El grupo promotor de Podemos supo leer el momento y dar una respuesta política a lo que se cocía en las calles, con especial atención a lo que supuso el nacimiento del 15-M. Si a ello añadimos la capacidad de liderazgo y el carisma de alguien como Pablo Iglesias, el resultado es una opción política, electoral si se quiere, con capacidad de ganar. Hasta ahora, Izquierda Unida, seamos francos, no había sido capaz de mostrarse como una opción ganadora, a pesar de tener propuestas políticas similares a las de Podemos pero que durante años estuvieron silenciadas mediáticamente. Y ello, junto a otros motivos, hace que podamos entender las reticencias iniciales de Pablo Iglesias a confluir electoralmente con Izquierda Unida. Estoy de acuerdo con que podemos llevar la izquierda tatuada a fuego en nuestras entrañas, pero hoy las banderas rojas y las estrellas ya no sirven para ganar.

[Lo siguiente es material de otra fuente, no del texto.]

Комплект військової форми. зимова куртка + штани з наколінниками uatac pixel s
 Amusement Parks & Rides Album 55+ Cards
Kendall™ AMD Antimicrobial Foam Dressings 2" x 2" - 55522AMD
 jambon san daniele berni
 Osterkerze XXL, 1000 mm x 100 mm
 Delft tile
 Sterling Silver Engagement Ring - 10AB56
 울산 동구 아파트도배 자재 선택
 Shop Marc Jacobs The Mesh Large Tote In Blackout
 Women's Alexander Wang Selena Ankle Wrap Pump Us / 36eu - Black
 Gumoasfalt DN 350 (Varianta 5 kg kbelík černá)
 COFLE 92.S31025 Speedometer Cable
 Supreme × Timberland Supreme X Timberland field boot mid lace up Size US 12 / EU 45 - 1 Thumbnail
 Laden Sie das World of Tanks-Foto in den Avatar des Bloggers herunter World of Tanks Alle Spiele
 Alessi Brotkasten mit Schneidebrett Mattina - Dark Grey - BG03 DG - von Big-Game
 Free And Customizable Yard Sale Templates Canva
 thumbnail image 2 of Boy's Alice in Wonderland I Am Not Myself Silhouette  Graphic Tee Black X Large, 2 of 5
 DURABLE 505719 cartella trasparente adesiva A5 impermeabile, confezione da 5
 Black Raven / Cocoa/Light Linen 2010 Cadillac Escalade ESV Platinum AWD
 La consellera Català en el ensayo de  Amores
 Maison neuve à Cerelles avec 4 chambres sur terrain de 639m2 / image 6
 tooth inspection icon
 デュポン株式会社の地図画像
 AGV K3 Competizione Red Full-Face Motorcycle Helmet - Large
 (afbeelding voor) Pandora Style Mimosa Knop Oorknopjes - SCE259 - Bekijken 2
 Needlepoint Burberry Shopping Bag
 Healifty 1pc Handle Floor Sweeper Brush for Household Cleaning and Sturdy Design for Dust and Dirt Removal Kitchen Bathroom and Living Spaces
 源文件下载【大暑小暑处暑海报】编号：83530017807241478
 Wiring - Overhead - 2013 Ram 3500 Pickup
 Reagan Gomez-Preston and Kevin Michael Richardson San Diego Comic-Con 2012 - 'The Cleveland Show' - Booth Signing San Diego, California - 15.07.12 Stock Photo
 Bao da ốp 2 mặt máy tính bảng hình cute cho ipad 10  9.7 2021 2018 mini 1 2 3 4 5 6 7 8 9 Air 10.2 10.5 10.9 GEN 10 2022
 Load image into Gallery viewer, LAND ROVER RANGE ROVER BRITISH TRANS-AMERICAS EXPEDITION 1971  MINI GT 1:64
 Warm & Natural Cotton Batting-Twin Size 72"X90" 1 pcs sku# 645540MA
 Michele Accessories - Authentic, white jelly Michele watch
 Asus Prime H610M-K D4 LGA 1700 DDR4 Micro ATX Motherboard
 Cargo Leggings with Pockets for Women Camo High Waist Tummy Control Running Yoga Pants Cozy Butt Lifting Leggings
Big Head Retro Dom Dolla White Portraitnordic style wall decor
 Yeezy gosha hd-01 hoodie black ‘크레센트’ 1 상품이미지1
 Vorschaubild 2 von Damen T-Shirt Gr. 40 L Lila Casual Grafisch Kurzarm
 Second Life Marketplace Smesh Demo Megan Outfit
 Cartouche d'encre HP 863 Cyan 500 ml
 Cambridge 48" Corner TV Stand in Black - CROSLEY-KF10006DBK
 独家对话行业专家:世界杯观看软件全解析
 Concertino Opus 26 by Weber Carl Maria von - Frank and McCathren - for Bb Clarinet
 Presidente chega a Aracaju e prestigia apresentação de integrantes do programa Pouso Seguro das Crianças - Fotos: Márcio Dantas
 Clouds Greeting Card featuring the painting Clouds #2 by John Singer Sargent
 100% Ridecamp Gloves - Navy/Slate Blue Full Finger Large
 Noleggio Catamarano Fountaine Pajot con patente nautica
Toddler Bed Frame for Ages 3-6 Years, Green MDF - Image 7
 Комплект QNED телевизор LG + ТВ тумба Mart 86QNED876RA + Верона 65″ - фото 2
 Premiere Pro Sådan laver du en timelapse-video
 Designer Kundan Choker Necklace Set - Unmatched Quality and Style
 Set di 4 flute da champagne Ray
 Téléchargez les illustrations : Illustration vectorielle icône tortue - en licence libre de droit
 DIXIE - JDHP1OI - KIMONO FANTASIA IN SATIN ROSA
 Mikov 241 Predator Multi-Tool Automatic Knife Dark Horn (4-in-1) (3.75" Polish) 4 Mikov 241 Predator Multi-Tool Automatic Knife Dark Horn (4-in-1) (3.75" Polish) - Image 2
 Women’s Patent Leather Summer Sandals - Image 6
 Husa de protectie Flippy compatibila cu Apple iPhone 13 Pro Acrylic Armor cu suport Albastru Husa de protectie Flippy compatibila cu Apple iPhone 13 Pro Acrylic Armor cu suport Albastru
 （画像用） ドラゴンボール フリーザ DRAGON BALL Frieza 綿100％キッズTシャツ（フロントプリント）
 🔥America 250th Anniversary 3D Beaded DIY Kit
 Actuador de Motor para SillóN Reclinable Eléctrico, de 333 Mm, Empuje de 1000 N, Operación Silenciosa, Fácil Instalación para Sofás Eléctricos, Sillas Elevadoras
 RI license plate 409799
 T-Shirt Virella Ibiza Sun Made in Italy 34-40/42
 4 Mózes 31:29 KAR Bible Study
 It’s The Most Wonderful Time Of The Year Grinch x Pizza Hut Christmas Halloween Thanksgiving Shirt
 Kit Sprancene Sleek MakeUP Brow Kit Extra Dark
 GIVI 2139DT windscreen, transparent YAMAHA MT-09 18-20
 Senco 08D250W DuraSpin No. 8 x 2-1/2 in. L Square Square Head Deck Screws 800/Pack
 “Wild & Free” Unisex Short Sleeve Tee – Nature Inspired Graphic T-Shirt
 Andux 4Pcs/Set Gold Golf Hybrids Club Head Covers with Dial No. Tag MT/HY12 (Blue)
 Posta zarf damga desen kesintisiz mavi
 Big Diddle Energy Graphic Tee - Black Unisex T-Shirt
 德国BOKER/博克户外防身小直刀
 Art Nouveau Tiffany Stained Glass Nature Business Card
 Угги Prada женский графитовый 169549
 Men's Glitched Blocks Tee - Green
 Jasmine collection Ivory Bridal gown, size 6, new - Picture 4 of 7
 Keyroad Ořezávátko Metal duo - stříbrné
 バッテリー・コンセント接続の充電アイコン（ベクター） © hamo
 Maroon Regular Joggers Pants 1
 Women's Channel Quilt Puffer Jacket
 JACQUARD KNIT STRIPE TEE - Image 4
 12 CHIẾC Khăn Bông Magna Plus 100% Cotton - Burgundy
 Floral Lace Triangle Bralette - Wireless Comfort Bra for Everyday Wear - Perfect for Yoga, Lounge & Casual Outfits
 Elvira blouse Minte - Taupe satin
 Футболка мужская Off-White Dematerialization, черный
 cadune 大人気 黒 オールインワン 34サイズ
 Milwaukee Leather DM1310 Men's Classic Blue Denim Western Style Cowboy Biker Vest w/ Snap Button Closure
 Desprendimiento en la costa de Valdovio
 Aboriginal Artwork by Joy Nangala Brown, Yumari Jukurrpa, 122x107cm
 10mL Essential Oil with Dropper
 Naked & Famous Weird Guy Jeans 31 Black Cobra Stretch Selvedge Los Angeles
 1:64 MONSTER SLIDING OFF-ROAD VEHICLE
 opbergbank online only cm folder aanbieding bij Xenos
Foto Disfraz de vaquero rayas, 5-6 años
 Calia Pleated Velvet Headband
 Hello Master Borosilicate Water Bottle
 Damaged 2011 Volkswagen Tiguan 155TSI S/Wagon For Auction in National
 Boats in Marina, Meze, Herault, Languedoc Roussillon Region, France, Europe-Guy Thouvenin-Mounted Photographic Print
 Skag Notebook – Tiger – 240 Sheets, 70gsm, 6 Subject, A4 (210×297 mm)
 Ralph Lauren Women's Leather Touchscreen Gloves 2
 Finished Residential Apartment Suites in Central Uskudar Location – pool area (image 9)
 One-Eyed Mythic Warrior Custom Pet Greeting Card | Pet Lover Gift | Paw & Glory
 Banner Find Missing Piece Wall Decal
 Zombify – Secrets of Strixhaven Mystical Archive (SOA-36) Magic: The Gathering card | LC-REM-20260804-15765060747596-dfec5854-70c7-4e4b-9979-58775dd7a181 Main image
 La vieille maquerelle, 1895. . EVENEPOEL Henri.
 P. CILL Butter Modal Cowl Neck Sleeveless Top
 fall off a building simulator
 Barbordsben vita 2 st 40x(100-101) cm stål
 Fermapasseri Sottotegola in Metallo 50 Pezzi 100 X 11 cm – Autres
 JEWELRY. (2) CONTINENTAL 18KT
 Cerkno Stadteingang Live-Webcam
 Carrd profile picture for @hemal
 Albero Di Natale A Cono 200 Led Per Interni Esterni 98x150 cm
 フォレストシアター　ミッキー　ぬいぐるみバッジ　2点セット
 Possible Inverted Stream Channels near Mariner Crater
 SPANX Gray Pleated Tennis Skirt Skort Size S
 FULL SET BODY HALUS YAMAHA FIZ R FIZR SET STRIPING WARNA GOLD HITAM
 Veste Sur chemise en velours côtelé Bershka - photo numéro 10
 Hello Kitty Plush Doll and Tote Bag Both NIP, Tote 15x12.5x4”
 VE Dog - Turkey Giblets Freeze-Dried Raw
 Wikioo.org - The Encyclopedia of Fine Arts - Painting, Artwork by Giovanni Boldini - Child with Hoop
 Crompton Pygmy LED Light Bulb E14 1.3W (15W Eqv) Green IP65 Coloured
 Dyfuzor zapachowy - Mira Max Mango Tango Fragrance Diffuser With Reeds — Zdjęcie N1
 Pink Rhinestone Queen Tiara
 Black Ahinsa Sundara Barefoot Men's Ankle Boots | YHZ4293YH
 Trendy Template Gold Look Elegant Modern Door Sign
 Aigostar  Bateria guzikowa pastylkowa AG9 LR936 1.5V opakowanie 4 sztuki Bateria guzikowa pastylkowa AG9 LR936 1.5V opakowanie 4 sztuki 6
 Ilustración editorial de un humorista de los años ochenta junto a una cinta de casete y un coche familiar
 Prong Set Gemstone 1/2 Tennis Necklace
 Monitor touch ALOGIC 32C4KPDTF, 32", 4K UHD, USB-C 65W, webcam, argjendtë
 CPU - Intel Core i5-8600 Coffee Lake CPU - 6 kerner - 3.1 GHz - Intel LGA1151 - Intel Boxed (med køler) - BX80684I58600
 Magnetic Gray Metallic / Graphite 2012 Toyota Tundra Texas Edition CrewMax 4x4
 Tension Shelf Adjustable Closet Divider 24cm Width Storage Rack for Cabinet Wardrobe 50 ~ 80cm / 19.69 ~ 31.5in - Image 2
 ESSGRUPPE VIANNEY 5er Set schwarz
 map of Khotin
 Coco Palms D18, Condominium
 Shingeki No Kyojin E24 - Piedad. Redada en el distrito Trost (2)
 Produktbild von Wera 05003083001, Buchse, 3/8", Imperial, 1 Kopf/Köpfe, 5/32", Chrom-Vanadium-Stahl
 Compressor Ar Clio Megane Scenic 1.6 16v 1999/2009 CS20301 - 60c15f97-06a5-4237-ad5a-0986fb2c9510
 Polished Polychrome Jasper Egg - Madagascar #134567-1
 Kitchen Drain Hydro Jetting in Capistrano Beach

En todo caso, pueden restar apoyos, pueden espantar a determinados votantes potenciales. Eso Iglesias lo sabe, pero estoy convencido de que hasta noviembre (si Rajoy no anticipa la convocatoria de elecciones generales) habrá tiempo para construir una candidatura ganadora que integre todo lo bueno que hay en Podemos, pero también en Izquierda Unida, en otras formaciones y movimientos, así como otras personas sin militancia política. Ahora Madrid o Barcelona en Comú nos marcan el camino a seguir, como también lo hará la candidatura de confluencia que se está construyendo en Cataluña de cara a las elecciones del 27 de septiembre. La fórmula no sabemos cuál será, pero sin duda acabará cristalizando. No tenemos más remedio que poner nuestros sesos a trabajar y encontrar el mecanismo adecuado. Estoy convencido de que se estará a la altura del momento histórico.

Aquí entran de nuevo en juego las enseñanzas que el maestro Fontana extrae de la casi centenaria Revolución Rusa: si el poder establecido no siente miedo nunca dará su brazo a torcer, nunca cederá en sus pretensiones. Por eso es tan necesario que la gente decente gobierne las instituciones, sin descuidar la calle y el trabajo imprescindible de los movimientos sociales. Si Pablo Iglesias llega a ser presidente del gobierno, si Íñigo Errejón, Alberto Garzón, Tania Sánchez, Carolina Bescansa, Luis Alegre, Joan Coscubiela, Mònica Oltra, Gemma Ubasart, Manuela Carmena, Ada Colau, Xulio Ferreiro, Kichi, etc. gobiernan las instituciones, al poder establecido le temblarán las piernas y no tendrán más remedio que quitar el pie del acelerador. No lo digo yo, lo dice la historia. Porque no lo olvidemos: demasiada gente lleva demasiado tiempo sufriendo. Tsipras ha demostrado que con voluntad política es posible devolver el poder al pueblo.

Por todo ello es tan importante que desde hoy hasta el día en que se celebren las elecciones generales no cometamos ningún error. Porque no lo olvidemos: a nosotros no se nos perdonará el más mínimo patinazo, mientras que a ellos se les ha permitido todo durante demasiado tiempo. Trabajemos, reflexionemos y actuemos con cautela pero con valentía y determinación. Quizá solamente tengamos una oportunidad, y no podemos dejarla escapar.